What needs to be done:
Set down word for word the lines that begin the entries and run through the line containing "uses data and". Give nothing further.

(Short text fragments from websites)

....

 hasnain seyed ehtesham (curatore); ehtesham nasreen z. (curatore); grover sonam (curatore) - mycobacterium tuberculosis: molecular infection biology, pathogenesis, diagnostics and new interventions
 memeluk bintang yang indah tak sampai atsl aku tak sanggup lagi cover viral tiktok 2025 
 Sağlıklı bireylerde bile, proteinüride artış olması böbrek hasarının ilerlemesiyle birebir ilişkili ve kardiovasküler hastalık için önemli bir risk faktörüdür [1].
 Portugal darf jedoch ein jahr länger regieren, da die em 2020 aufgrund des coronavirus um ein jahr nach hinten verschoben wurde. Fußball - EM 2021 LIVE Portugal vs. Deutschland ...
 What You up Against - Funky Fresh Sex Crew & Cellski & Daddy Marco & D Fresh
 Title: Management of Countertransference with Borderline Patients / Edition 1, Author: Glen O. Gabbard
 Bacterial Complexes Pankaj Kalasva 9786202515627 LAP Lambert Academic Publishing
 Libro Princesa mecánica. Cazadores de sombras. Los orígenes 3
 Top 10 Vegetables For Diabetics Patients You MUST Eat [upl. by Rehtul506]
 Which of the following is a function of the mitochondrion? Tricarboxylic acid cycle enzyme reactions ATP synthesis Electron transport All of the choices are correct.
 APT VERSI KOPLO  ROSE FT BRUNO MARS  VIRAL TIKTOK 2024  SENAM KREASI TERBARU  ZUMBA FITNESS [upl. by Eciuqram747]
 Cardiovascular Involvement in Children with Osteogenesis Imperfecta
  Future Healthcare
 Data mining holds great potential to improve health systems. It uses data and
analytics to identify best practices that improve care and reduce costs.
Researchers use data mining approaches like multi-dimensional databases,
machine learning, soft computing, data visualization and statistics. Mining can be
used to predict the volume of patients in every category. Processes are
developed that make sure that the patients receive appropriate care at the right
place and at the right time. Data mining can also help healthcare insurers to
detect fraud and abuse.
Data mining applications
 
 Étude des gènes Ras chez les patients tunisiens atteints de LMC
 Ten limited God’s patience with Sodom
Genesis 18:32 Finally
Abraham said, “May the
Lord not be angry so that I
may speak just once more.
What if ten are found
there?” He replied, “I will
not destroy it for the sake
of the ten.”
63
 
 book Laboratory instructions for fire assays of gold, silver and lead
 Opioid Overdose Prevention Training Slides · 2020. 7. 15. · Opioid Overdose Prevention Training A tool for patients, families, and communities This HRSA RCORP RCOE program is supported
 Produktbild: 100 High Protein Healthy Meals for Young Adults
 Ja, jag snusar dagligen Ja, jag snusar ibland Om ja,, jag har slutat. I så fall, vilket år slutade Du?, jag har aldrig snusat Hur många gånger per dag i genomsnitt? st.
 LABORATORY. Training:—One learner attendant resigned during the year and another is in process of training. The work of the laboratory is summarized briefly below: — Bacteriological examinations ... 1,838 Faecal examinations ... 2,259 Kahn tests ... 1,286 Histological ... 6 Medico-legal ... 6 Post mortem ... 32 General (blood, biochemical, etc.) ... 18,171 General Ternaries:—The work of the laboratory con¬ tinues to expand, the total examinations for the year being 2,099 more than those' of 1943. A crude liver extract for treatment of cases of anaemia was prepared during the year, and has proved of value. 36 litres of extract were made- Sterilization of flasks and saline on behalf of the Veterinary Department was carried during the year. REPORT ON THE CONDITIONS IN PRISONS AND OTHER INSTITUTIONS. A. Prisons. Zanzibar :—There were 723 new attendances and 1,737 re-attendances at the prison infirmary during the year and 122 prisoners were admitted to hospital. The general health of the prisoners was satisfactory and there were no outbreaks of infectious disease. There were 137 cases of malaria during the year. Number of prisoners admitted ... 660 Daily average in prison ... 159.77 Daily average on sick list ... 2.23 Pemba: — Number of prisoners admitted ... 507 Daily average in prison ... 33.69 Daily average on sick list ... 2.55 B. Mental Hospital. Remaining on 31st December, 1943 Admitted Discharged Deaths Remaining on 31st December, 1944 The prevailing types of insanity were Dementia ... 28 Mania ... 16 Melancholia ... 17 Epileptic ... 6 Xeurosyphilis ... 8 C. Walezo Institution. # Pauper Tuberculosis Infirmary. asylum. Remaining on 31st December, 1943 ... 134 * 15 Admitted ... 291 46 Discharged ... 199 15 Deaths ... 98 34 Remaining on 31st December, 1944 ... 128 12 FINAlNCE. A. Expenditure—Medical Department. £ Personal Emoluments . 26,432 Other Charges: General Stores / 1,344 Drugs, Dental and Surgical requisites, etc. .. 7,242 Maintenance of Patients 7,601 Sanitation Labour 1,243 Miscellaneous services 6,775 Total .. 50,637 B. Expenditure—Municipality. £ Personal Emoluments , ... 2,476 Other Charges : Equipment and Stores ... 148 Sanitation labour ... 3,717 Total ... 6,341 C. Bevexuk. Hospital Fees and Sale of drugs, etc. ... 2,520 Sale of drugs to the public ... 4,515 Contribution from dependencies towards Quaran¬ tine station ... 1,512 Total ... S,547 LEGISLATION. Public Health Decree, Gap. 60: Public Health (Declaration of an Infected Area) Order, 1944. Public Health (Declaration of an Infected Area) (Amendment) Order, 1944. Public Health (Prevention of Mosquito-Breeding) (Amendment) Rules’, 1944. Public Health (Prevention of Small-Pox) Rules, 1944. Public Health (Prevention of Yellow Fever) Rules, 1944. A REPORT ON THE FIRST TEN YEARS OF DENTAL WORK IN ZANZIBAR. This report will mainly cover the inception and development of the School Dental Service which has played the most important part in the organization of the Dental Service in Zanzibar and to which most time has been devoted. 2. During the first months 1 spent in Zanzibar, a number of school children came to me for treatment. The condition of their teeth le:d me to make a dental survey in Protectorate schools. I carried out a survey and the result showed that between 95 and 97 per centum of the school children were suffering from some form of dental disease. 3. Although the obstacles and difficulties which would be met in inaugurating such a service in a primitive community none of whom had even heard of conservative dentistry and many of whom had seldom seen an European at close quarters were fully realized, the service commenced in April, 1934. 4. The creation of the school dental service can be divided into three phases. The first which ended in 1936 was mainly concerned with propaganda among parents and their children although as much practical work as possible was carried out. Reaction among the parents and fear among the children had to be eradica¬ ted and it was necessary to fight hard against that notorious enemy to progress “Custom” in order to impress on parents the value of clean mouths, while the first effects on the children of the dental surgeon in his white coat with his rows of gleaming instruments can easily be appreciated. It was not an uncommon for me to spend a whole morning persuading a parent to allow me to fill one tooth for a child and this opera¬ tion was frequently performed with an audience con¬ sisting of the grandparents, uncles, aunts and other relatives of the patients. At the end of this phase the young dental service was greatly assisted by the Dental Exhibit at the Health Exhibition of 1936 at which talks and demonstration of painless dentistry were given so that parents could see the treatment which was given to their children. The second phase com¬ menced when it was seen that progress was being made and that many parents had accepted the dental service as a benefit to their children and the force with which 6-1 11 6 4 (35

....

Written solution:
 hasnain seyed ehtesham (curatore); ehtesham nasreen z. (curatore); grover sonam (curatore) - mycobacterium tuberculosis: molecular infection biology, pathogenesis, diagnostics and new interventions
 memeluk bintang yang indah tak sampai atsl aku tak sanggup lagi cover viral tiktok 2025 
 Sağlıklı bireylerde bile, proteinüride artış olması böbrek hasarının ilerlemesiyle birebir ilişkili ve kardiovasküler hastalık için önemli bir risk faktörüdür [1].
 Portugal darf jedoch ein jahr länger regieren, da die em 2020 aufgrund des coronavirus um ein jahr nach hinten verschoben wurde. Fußball - EM 2021 LIVE Portugal vs. Deutschland ...
 What You up Against - Funky Fresh Sex Crew & Cellski & Daddy Marco & D Fresh
 Title: Management of Countertransference with Borderline Patients / Edition 1, Author: Glen O. Gabbard
 Bacterial Complexes Pankaj Kalasva 9786202515627 LAP Lambert Academic Publishing
 Libro Princesa mecánica. Cazadores de sombras. Los orígenes 3
 Top 10 Vegetables For Diabetics Patients You MUST Eat [upl. by Rehtul506]
 Which of the following is a function of the mitochondrion? Tricarboxylic acid cycle enzyme reactions ATP synthesis Electron transport All of the choices are correct.
 APT VERSI KOPLO  ROSE FT BRUNO MARS  VIRAL TIKTOK 2024  SENAM KREASI TERBARU  ZUMBA FITNESS [upl. by Eciuqram747]
 Cardiovascular Involvement in Children with Osteogenesis Imperfecta
  Future Healthcare
 Data mining holds great potential to improve health systems. It uses data and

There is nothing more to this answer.